Cogí el periódico entonces y empecé a revisar los avisos de la sección inmobiliaria con el típico plumón fosforescente en mano. Finalmente subrayé cerca de 15 opciones antes de pasar a la segunda fase de la operación. Había que coger el teléfono y llamar a cada uno de los anunciantes. Me gusta tratar directamente con los propietarios, así que las llamadas eran más que nada para descartar a los apartamentos que se rentaban por intermedio de corredoras. Me quedaron poco más de la mitad de apartamentos luego de este descarte. Tercera fase de la operación: visitar los apartamentos uno por uno y entrevistarme con los dueños. Ya era miércoles de esa semana y salí a mi recorrido luego del día de trabajo. De nuevo me topé con apartamentos modernos con sus clásicas distribuciones, los closets en los dormitorios, el cuarto de lavado, etc. Todo muy mecánico, yo buscaba algo que saliera de lo común. El balance arrojaba nueve visitas y nueve decepciones. Había que seguir, pero cambiar de método. Internet. En efecto, buceé en la red a ver qué encontraba y vi varios anuncios bizarros que indicaban apartamentos clásicos.

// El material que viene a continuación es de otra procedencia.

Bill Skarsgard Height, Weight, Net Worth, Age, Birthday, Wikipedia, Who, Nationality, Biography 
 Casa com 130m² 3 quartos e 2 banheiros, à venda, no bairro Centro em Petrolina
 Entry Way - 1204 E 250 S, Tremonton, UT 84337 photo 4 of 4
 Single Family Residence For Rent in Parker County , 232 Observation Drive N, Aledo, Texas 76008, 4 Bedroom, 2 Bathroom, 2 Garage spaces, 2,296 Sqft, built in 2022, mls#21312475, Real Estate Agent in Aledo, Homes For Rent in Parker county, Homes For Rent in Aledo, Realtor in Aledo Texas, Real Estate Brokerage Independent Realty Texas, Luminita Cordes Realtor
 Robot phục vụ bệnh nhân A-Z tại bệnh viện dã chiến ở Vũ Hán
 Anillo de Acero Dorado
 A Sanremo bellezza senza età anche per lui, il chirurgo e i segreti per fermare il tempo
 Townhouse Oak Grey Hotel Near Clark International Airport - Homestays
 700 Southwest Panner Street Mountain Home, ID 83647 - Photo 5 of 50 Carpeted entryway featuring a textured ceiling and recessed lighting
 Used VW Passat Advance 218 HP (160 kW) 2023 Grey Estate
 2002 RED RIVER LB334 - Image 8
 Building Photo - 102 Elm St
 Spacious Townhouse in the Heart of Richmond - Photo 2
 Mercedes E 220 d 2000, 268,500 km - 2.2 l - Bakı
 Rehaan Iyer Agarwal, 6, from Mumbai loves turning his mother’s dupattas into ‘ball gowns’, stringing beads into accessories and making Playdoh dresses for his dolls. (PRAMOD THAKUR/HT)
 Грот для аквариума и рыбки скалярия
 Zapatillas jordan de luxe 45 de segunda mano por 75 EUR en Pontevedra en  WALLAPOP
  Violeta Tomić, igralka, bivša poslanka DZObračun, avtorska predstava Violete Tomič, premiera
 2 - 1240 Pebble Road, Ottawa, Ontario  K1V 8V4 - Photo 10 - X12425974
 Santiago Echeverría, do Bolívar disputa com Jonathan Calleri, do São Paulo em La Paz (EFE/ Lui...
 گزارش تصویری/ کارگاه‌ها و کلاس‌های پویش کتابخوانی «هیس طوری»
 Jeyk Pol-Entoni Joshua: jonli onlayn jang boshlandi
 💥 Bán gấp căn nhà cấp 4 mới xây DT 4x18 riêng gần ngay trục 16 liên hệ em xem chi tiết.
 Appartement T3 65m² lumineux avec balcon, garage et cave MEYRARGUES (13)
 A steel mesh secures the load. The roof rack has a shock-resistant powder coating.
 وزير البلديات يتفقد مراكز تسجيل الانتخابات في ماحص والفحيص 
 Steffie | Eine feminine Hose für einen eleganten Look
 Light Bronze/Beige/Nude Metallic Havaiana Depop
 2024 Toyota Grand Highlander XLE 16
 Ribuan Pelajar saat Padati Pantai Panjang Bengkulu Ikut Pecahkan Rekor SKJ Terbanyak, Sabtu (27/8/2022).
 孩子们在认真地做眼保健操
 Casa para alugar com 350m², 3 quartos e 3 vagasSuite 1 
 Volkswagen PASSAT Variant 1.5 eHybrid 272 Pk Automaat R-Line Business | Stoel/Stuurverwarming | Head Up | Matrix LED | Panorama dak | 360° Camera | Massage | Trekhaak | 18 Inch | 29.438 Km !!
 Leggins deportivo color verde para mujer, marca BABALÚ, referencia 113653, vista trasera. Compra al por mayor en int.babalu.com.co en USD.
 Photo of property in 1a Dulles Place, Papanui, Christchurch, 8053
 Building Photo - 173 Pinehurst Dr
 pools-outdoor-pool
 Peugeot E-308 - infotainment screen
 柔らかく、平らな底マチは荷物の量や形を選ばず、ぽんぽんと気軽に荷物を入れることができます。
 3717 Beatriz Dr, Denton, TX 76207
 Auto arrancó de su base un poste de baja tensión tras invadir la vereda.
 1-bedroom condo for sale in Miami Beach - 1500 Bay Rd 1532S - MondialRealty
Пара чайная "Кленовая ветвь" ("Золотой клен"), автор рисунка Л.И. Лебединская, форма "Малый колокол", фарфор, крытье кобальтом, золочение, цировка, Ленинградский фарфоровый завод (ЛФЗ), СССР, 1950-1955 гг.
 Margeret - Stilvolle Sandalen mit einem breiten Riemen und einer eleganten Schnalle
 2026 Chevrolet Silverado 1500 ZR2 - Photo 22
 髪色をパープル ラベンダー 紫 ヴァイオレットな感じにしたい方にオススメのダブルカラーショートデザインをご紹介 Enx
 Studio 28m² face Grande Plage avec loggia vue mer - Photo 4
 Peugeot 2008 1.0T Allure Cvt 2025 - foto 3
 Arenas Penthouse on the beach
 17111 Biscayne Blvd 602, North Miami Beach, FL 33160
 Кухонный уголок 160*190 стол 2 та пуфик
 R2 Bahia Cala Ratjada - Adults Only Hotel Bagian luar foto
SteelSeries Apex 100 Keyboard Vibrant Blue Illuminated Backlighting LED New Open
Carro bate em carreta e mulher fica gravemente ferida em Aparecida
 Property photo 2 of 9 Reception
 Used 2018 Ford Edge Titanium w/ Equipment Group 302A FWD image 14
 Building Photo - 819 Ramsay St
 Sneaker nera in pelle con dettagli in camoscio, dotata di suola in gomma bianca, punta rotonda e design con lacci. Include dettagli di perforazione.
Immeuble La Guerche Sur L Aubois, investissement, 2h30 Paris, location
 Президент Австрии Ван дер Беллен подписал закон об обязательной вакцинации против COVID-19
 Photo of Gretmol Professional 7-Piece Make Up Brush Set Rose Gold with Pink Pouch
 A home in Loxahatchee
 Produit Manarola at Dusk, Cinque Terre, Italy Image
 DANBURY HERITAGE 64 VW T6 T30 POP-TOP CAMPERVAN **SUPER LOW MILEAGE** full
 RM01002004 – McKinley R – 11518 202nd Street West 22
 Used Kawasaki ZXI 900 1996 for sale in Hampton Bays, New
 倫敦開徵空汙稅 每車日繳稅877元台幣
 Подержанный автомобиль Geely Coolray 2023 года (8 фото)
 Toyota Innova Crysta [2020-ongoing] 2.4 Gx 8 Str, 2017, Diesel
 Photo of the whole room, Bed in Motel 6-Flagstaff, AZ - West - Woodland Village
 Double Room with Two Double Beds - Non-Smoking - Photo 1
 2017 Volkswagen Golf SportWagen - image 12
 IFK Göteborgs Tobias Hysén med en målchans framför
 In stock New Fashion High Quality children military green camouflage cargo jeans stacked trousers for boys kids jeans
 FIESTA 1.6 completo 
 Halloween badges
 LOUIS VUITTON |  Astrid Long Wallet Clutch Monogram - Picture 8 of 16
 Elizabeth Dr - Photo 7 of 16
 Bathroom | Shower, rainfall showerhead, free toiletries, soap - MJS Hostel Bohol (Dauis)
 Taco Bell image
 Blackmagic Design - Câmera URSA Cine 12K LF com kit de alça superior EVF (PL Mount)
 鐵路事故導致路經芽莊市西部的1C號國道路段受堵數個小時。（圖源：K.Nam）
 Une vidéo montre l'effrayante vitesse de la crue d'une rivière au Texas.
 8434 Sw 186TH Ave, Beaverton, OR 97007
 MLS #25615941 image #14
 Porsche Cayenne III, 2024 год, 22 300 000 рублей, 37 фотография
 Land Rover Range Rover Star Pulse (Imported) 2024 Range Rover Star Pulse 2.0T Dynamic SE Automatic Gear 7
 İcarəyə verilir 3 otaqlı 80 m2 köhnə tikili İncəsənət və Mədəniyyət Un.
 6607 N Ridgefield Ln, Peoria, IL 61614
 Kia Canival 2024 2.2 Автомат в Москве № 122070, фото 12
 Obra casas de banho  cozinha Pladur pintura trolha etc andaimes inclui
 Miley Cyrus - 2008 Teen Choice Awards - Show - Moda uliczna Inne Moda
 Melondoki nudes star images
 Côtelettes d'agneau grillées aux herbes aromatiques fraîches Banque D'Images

Pensé en descartar estos anuncios pero no sé por qué me adentré en estas páginas. Creo que fue un golpe de suerte pues los anuncios se referían a apartamentos realmente clásicos, me refiero a los típicos inmuebles de décadas pasadas, espaciosos y acogedores y no a los apartamentos modernos.

En las fotos pude ver que los espacios resultaban grandes, de hecho la sala de los apartamentos eran casi tan grandes cono los de una casa pequeña. Pude ver también que los sanitarios presentaban mayólicas de diseño antiguo pero en perfecto estado de conservación. La cocina estaba igualmente decorada a la vieja usanza, con la chimenea plateada muy cerca de la altura de la cabeza de un hipotético cocinero. La cocina propiamente dicha estaba bajo ella y al medio el horno se encontraba empotrado en la pared, se veía hermoso. Esta área se veía flanqueada casi en su totalidad por un repostero de múltiples gavetas tanto por encima de la cabeza como por debajo de la cintura, siempre de un hipotético cocinero. La figura se coronaba con el papel tapiz que estaba en toda la pared de dicha estancia. Las habitaciones también me atrajeron, eran del tamaño exacto, no tan pequeñas para causar incomodidad ni tan grandes como para enfriar el ambiente. El piso estaba tapizado con una alfombra azul, mi color favorito. Los cuartos tenían ventanas a la calle con persianas y los closets no eran típicos sino que se accedía por intermedio de una puerta. No había que buscar más. Ese era el apartamento que buscaba. Sólo faltaba ver si aceptaban mascotas, pero eso tendría que averiguarlo personalmente.